- What you need to do -
Reproduce word for word the line holding "used 2018 Ford F-150 car, priced at $16,498" and all lines after it in the data, through the end, leaving out pictures.

- Supplied material -
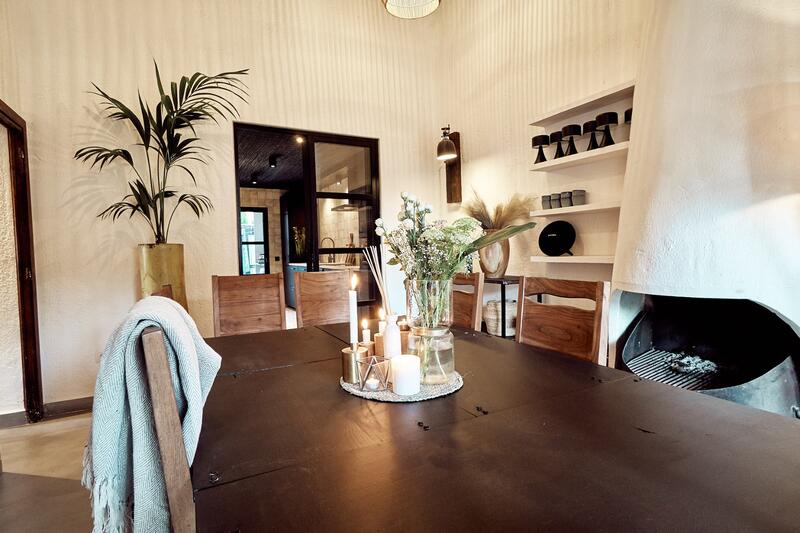 5 slaapkamer Villa Te koop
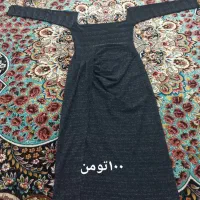 لباس مجلسی ها یکبار پوشیده شده|لباس|ساوه, |دیوار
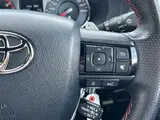2023 Toyota Hilux Z GR Sport 4WD White Truck for sale, Japanese used car export - photo 12 of 24 | GULJI TRADERS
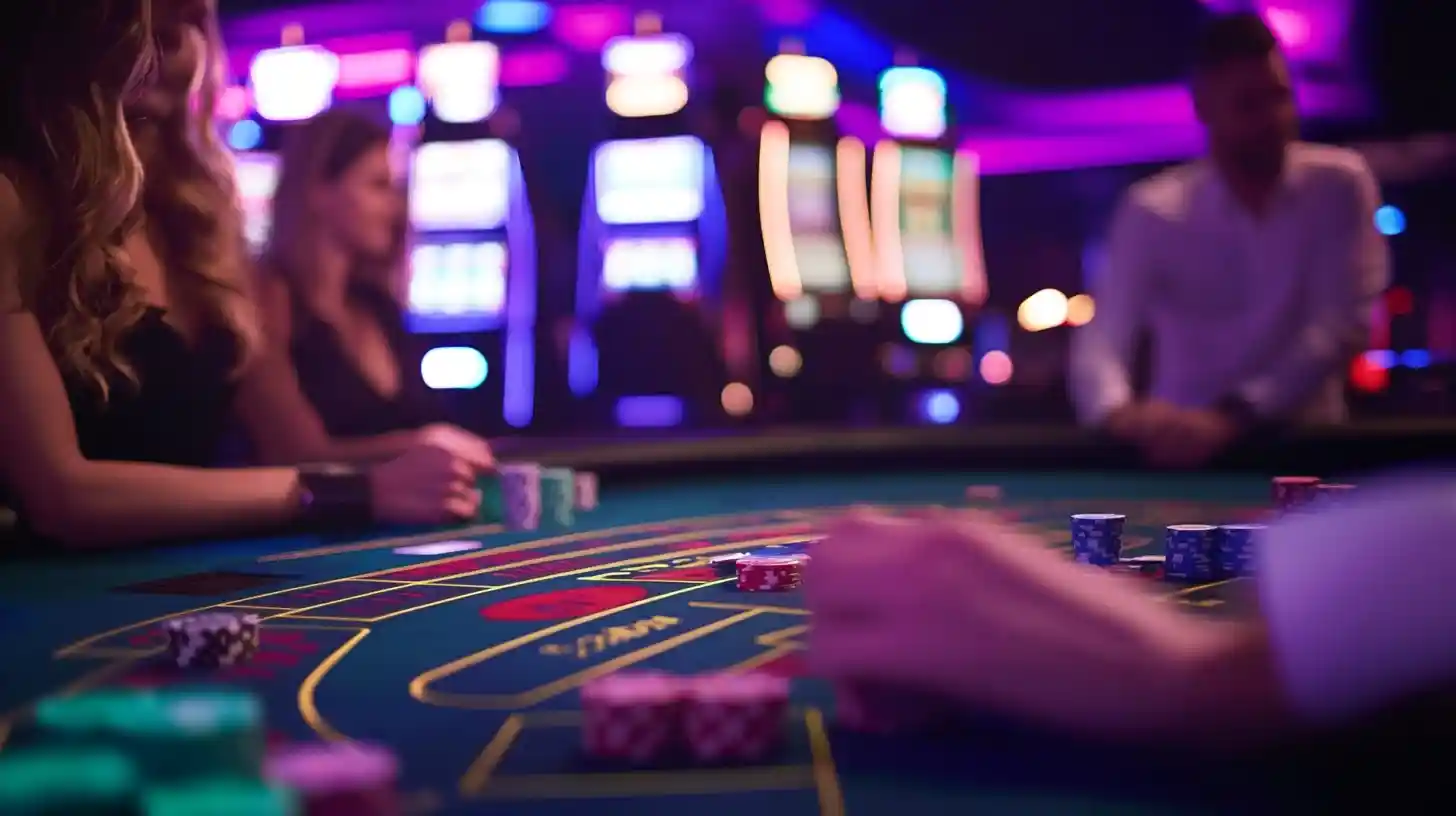 slot bet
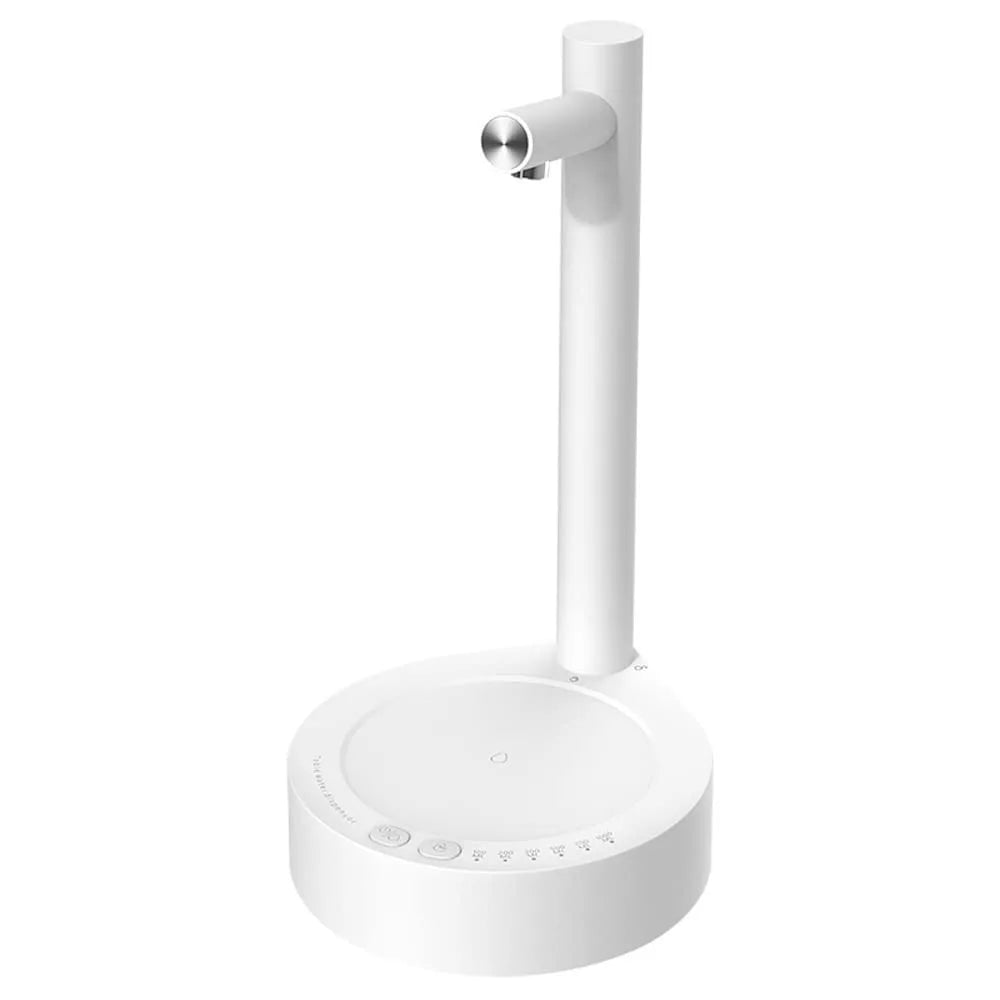 Desktop Electric Water Bottle Dispenser USB Charging Automatic Water Dispenser Jug Pump Portable for Home Office Outdoor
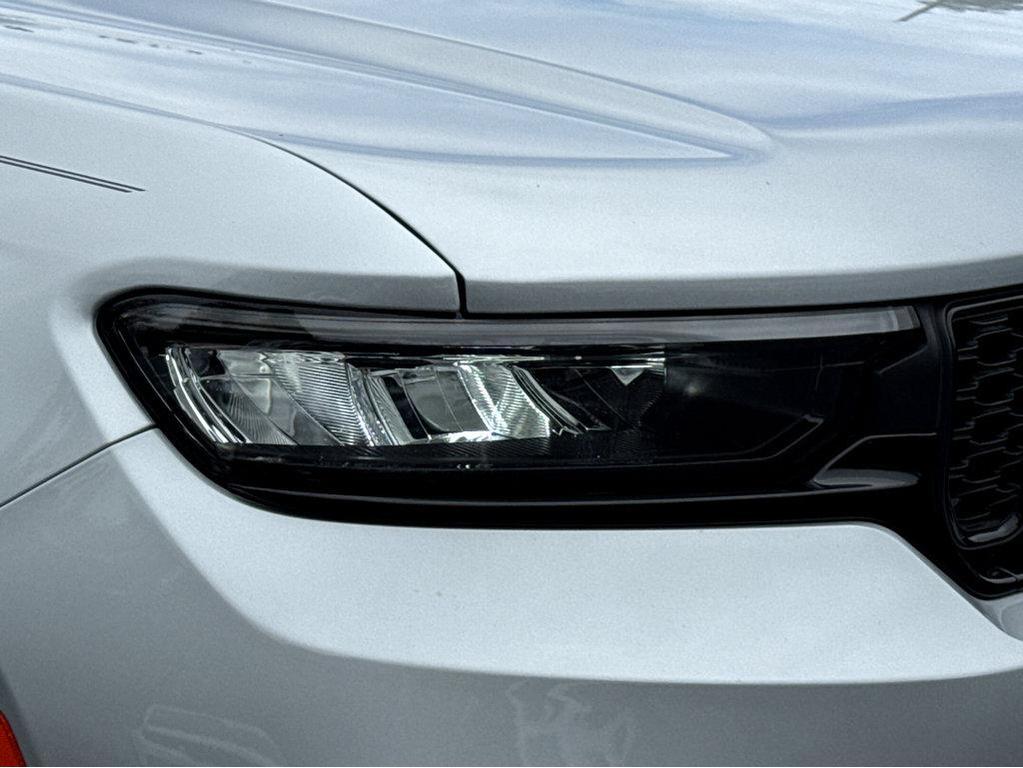 used 2022 Jeep Grand Cherokee car, priced at $34,300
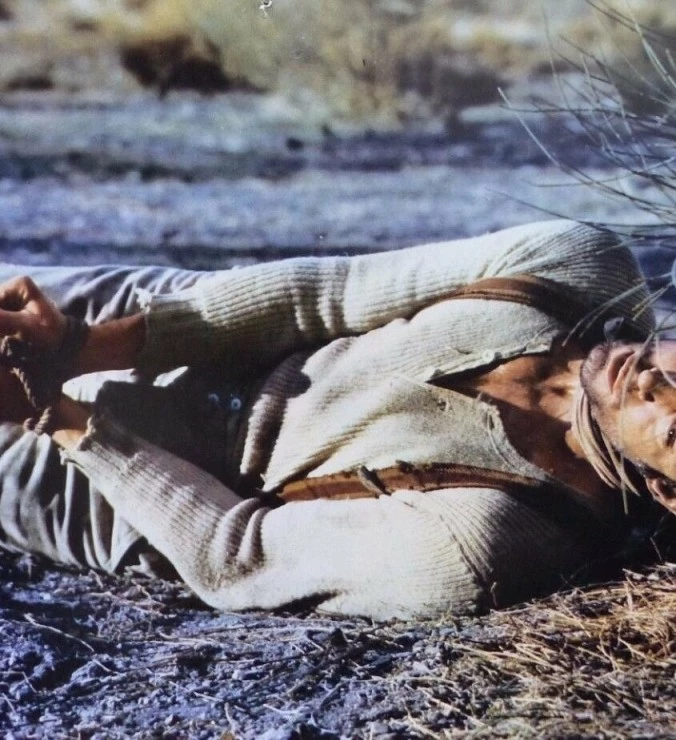 Четыре всадника Апокалипсиса (1975) в хорошем качестве через торрент Четыре всадника Апокалипсиса (1975) фильм в хорошем качестве через торрент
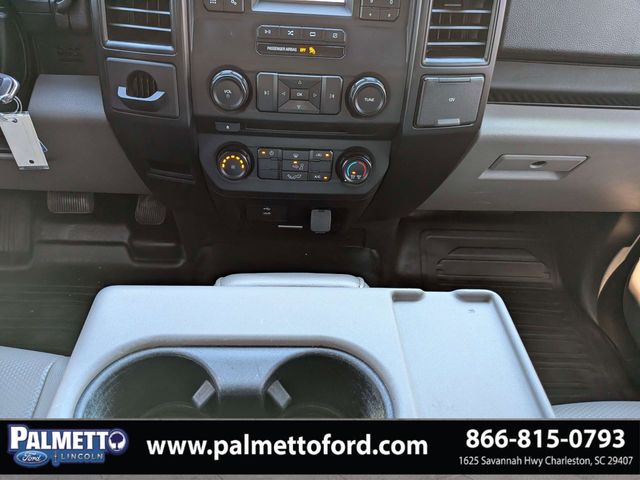 used 2018 Ford F-150 car, priced at $16,498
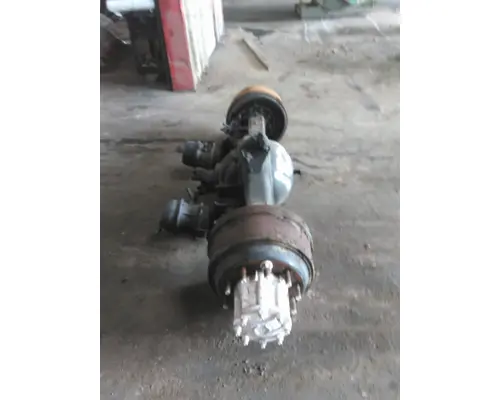 MERITOR-ROCKWELL RS21145R586 DIFFERENTIAL ASSEMBLY REAR REAR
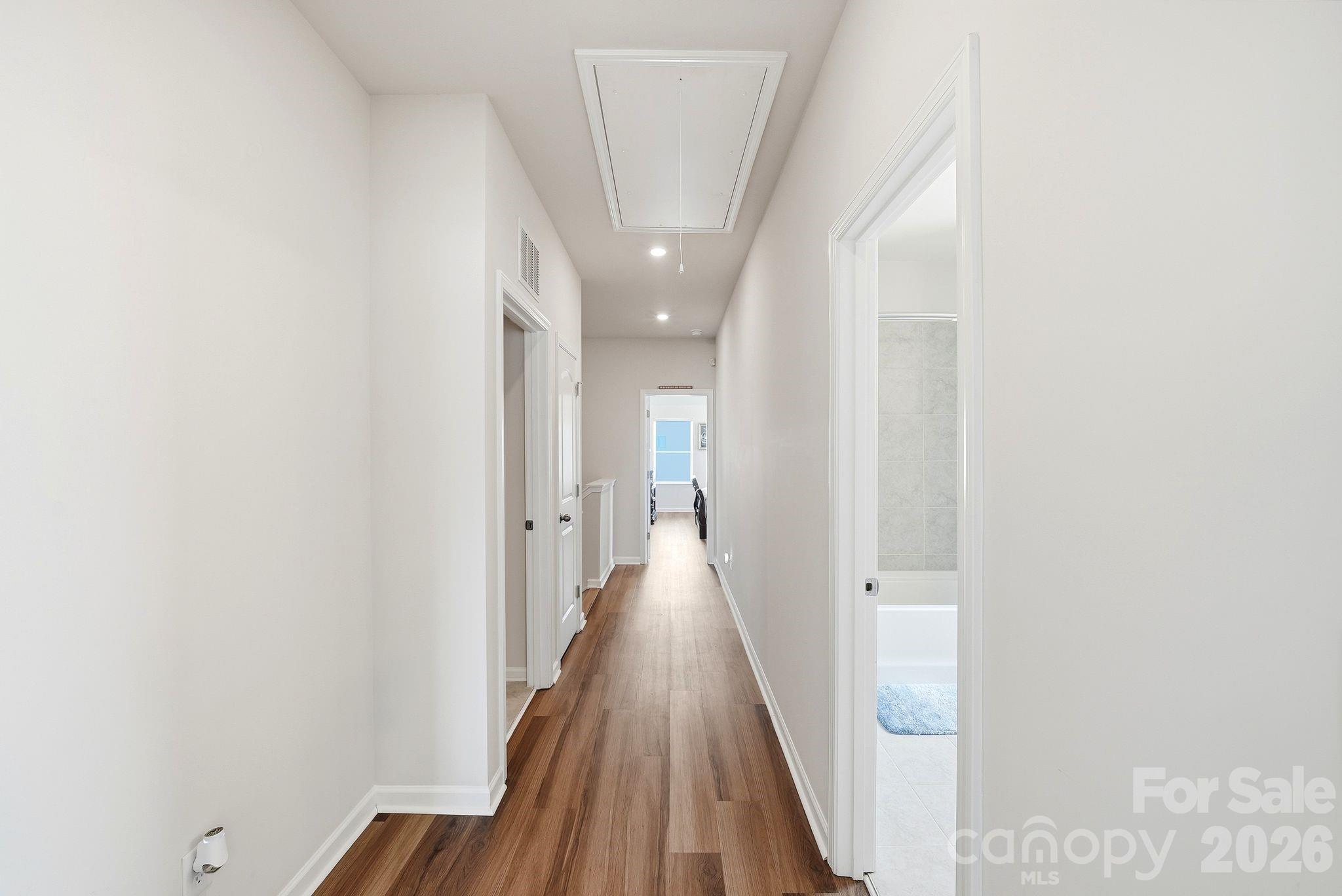 Auden - Residential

- Result of the task -
 used 2018 Ford F-150 car, priced at $16,498
 MERITOR-ROCKWELL RS21145R586 DIFFERENTIAL ASSEMBLY REAR REAR
 Auden - Residential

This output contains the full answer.